The chip manufacturer announced that it was teaming up with Defense Advanced Research Projects Agency, which is an arm of the U.S. Department of Defense, for a four-year contract worth around $23 million.
"The Electronics Resurgence Initiative jump-starts innovations to address the challenges stemming from the end of Moore's law," said Steve Keckler, vice president of architecture research at Nvidia. "The technologies that are developed through the ERI program will have a substantial impact on the future of electronic computing devices and Nvidia's future products."
Moore's law has come up a couple of times throughout phone calls with Colette Kress, Nvidia's CFO. "One, an understanding that the slowdown of Moore's law is in front of us or is actually here today. The slowdown of Moore's law puts in a question in terms of how am I going to get additional throughput and compute capacity out of the overall configurations I have today versus what I had seen in the past. The use of acceleration, therefore, is front and center," said Kress at Nasdaq's investor conference on June 12.
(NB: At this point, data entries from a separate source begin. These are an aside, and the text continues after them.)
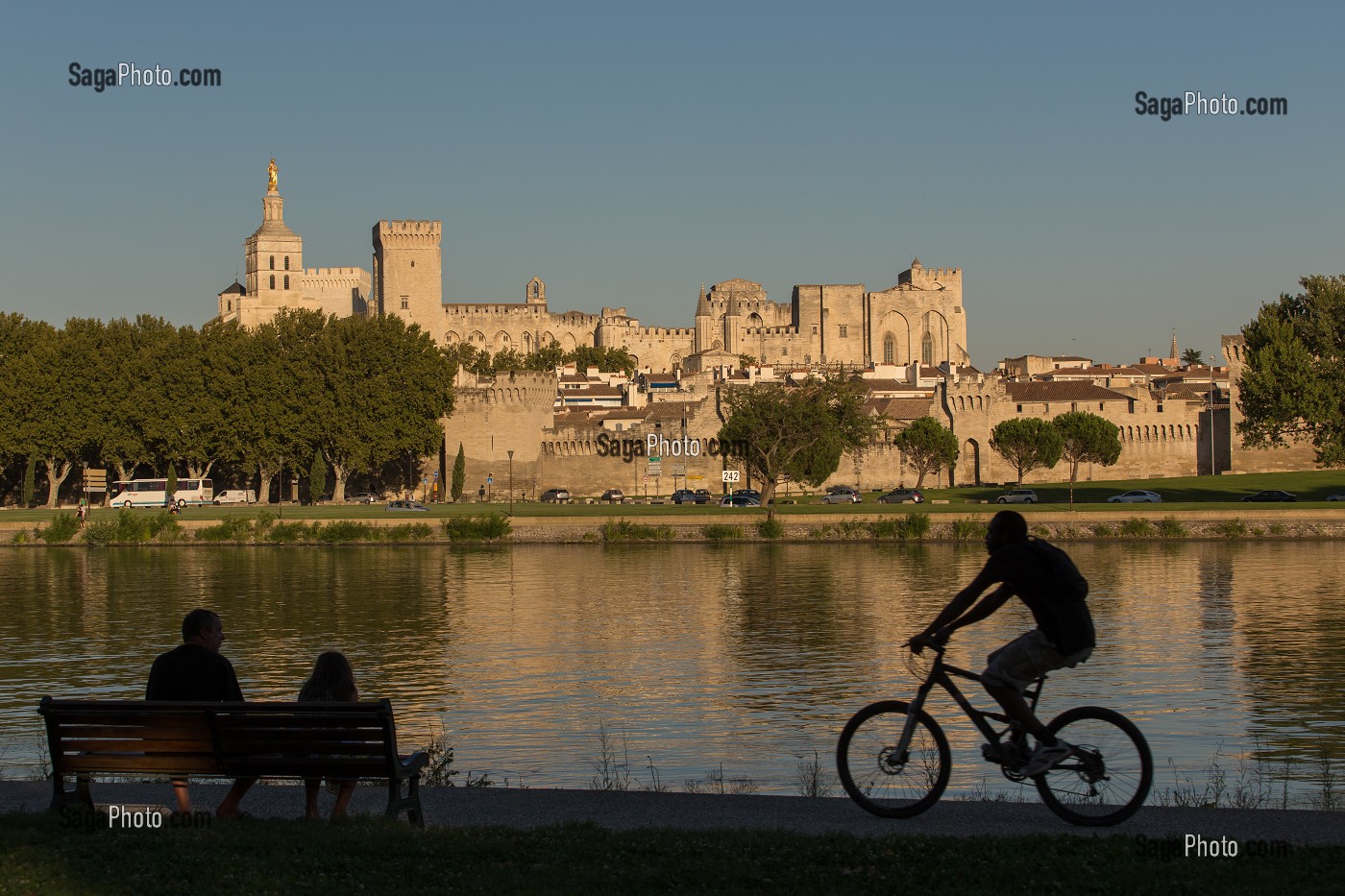 CLOCHER DE LA CATHEDRALE NOTRE DAME DES DOMS, PALAIS DES PAPES ET REMPARTS AU BORD DU PETIT RHONE, VILLE D'AVIGNON APPELEE CITE DES PAPES ET CLASSEE AU PATRIMOINE MONDIAL DE L'UNESCO, VAUCLUSE (84), FRANCE 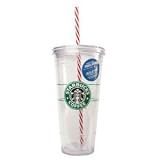 Starbucks Holiday 20 Ounce Clear Insulated To Go Cup Tumbler Red Stripe Straw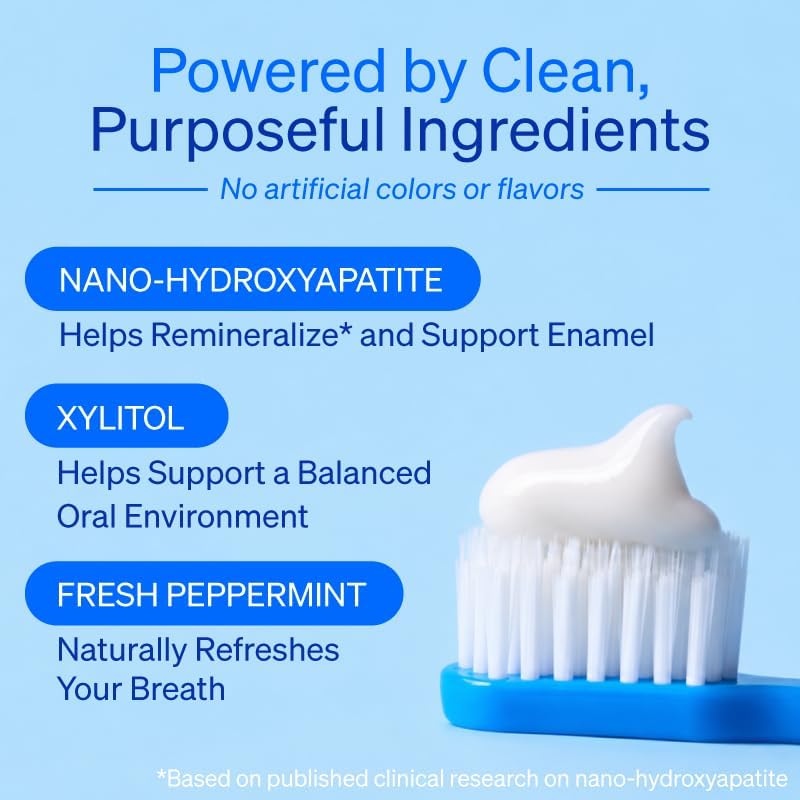 Mouthology 10% Nano Hydroxyapatite Toothpaste Fluoride Free, Whitening*, Rod Shaped nHA, Xylitol Toothpaste for Adults, Enamel Care*, Sensitive Teeth*, SLS Free, Mint 4oz (USA Made) Package May Vary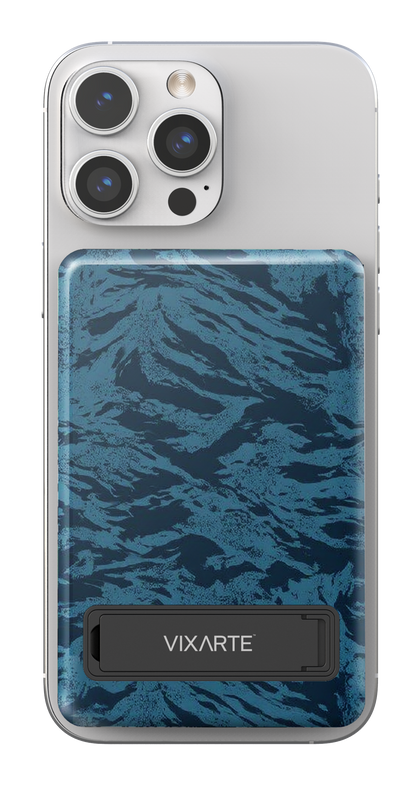 Wireless Charge Powerbank - Dusky -Blue Woven Texture 1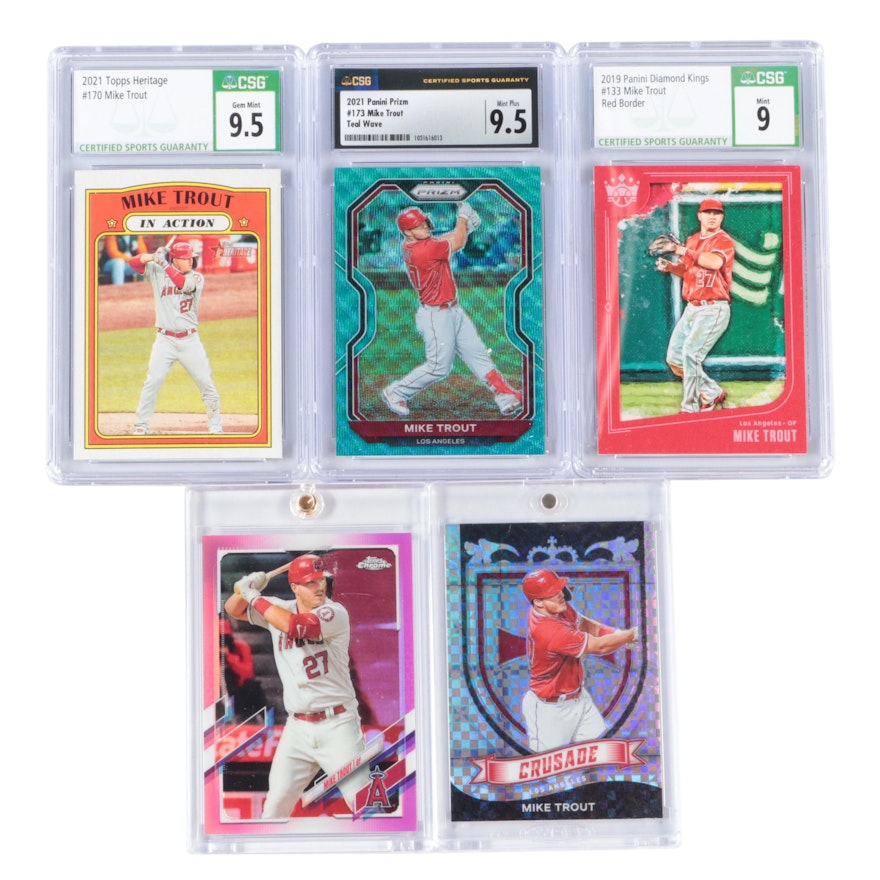 2021 Panini Prizm Mike Trout Teal Wave Card Graded CSG 9.5 Mint and More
Action Alerts PLUS analyst Zev Fima sees this contract as a good move on Nvidia's part. "At first look, $23 million over 4 years, nothing to get excited about. But the real kicker is that if this is successful, Nvidia's GPUs could be able to compete with ASICs, which many have cited as a source of competition and is a point the bears like to harp on, while still maintaining their programmability and be backwards compatible thanks to CUDA. That is a game changer."